## WHAT YOU ARE ASKED TO DO
Everything from the line with "this 1456×819 image." to the end of the entries should be copied exactly, and nothing else.

## EXTRACTED MATERIAL
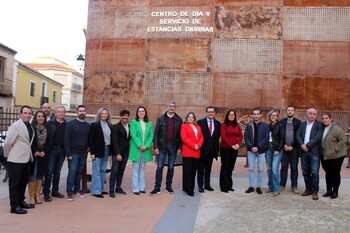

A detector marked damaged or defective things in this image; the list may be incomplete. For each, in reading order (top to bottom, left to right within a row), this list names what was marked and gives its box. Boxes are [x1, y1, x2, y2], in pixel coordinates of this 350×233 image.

rusted metal panel [215, 5, 284, 39]
rusted metal panel [85, 38, 147, 71]
rusted metal panel [147, 38, 211, 71]
rusted metal panel [284, 40, 350, 76]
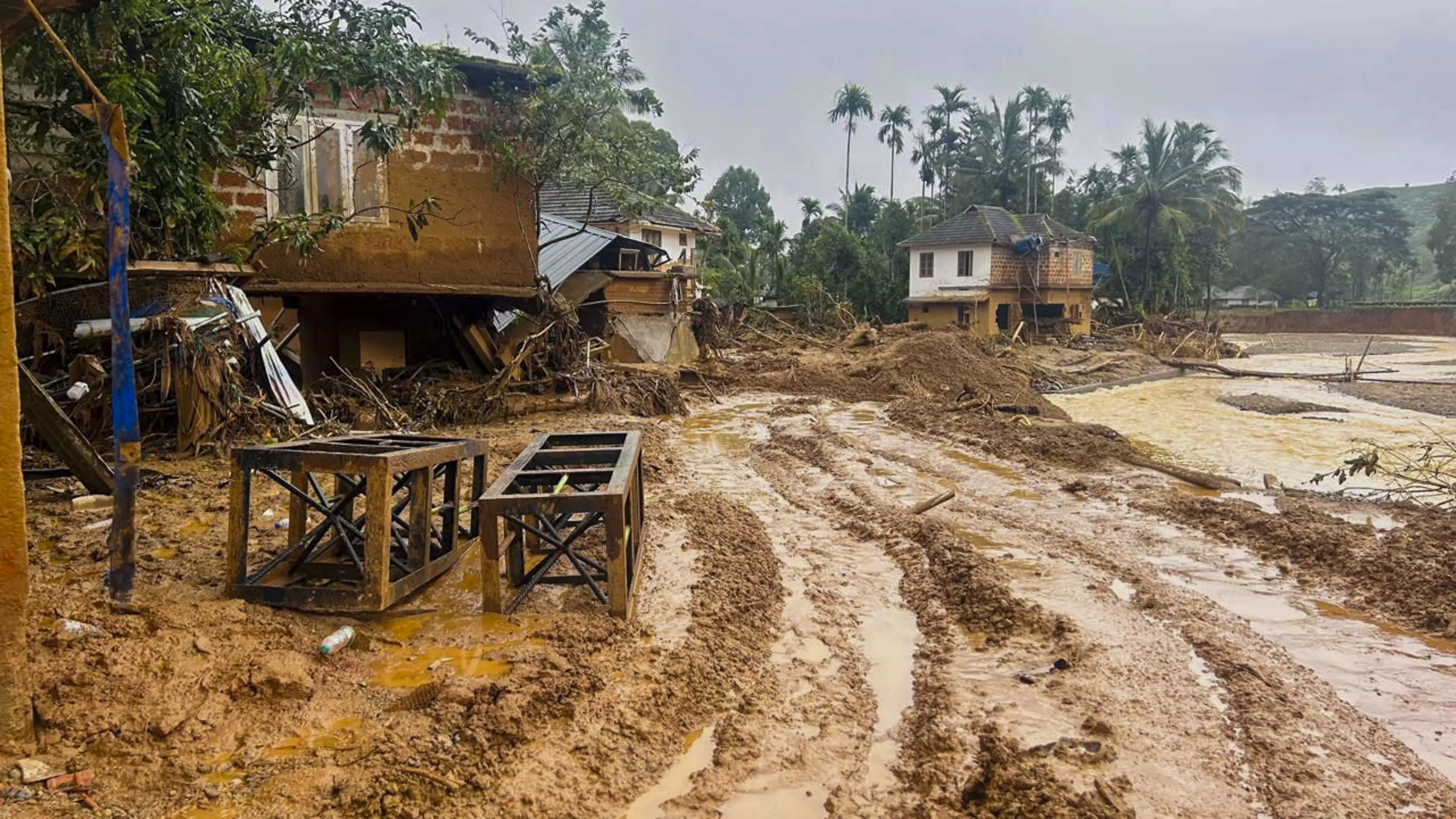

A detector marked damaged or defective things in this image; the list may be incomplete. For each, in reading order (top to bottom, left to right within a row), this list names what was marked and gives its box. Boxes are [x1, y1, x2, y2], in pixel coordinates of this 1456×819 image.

damaged brick house [224, 59, 544, 385]
damaged brick house [897, 205, 1095, 336]
rusty metal frame cage [227, 431, 486, 609]
rusty metal frame cage [483, 431, 643, 615]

## EXERCISE OUTPUT
A detector marked damaged or defective things in this image; the list may be incomplete. For each, in reading order (top to bottom, left to right within a row), this list names what was marked and gives its box. Boxes are [x1, y1, x2, y2], in pixel coordinates of this 1456×819 image.

damaged brick house [224, 59, 544, 385]
damaged brick house [897, 205, 1095, 336]
rusty metal frame cage [227, 431, 486, 609]
rusty metal frame cage [483, 431, 643, 615]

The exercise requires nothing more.